In another security hack that is making the rounds, Microsoft’s PowerPoint is the target.
“Spammers are testing a new way to trick victims into installing malware that downloads after the user hovers over a link in a PowerPoint slide show,” ZDNet reports. The new infection, which was discovered by BleepingComputer, “abuses a hover action in PowerPoint slide show mode to install malware.” When a user opens the PowerPoint file and puts their cursor over the malicious hyperlink, a PowerShell command runs quietly in the background “that connects to a malicious domain and downloads malware files.”
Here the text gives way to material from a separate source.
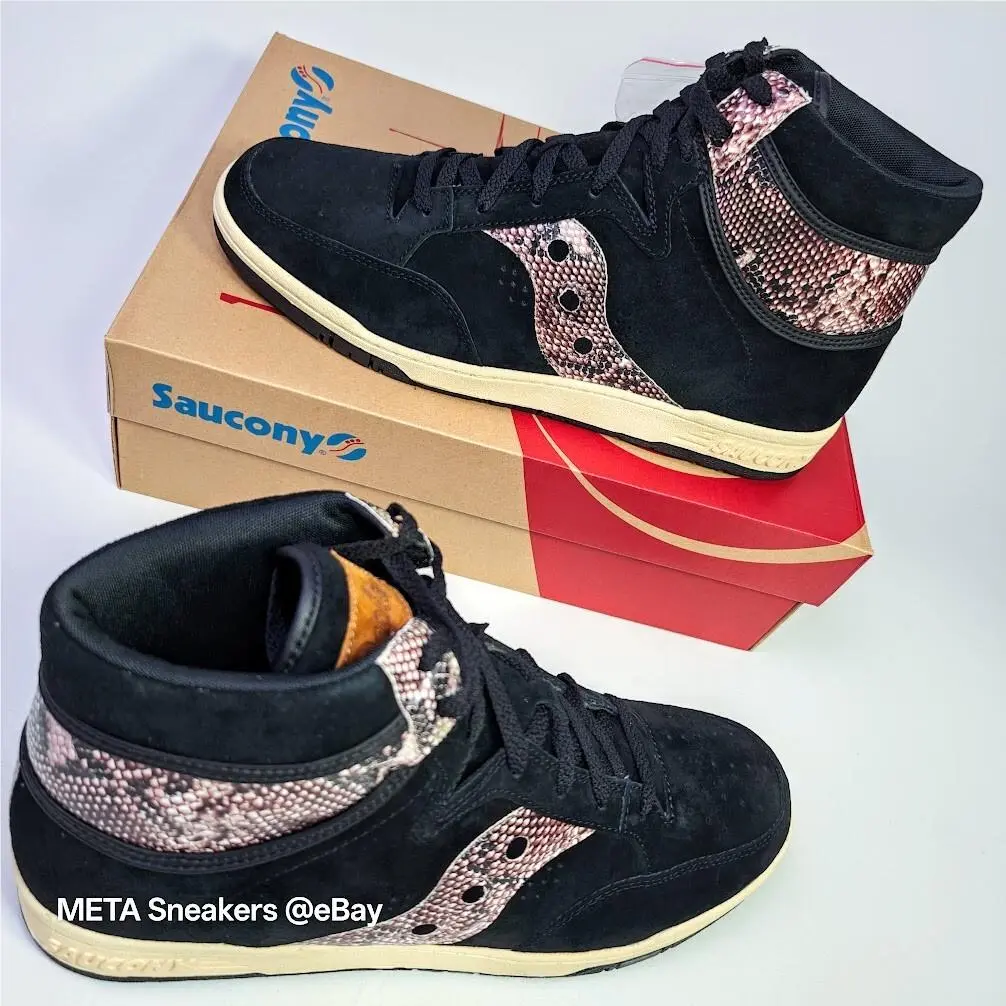 Saucony shoes - Saucony Hangtime - Hangtime - 70127-1 - Black 7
Like other Office malware that uses macros to infect victims, the latest malware is spread via email attachments. The attached file formats are the open-source version of Microsoft PowerPoint slide show, which are only for viewing, and can’t be edited like normal files. The malware proceeds to download a banking trojan.
The PowerPoint (PPSX) examples seen so far display the hyperlinked text “Loading… Please wait”. Hovering over it will download malware automatically unless Office Protected View is enabled. Fortunately, Protected View was enabled by default in Office 2010, in which case Office displays a security warning that blocks the download.
The PowerPoint file downloads a banking trojan it calls Gootkit or Otlard. SentinalOne calls the malware Zusy.
I wonder how much I have stated this. “Do not open attachments, or click on hyperlinks in your email unless you are 100% certain of it’s origin and that you have requested it”. Most security threats (malware – trojan horses, ransomware etc.) are spread through email. Always use caution before clicking!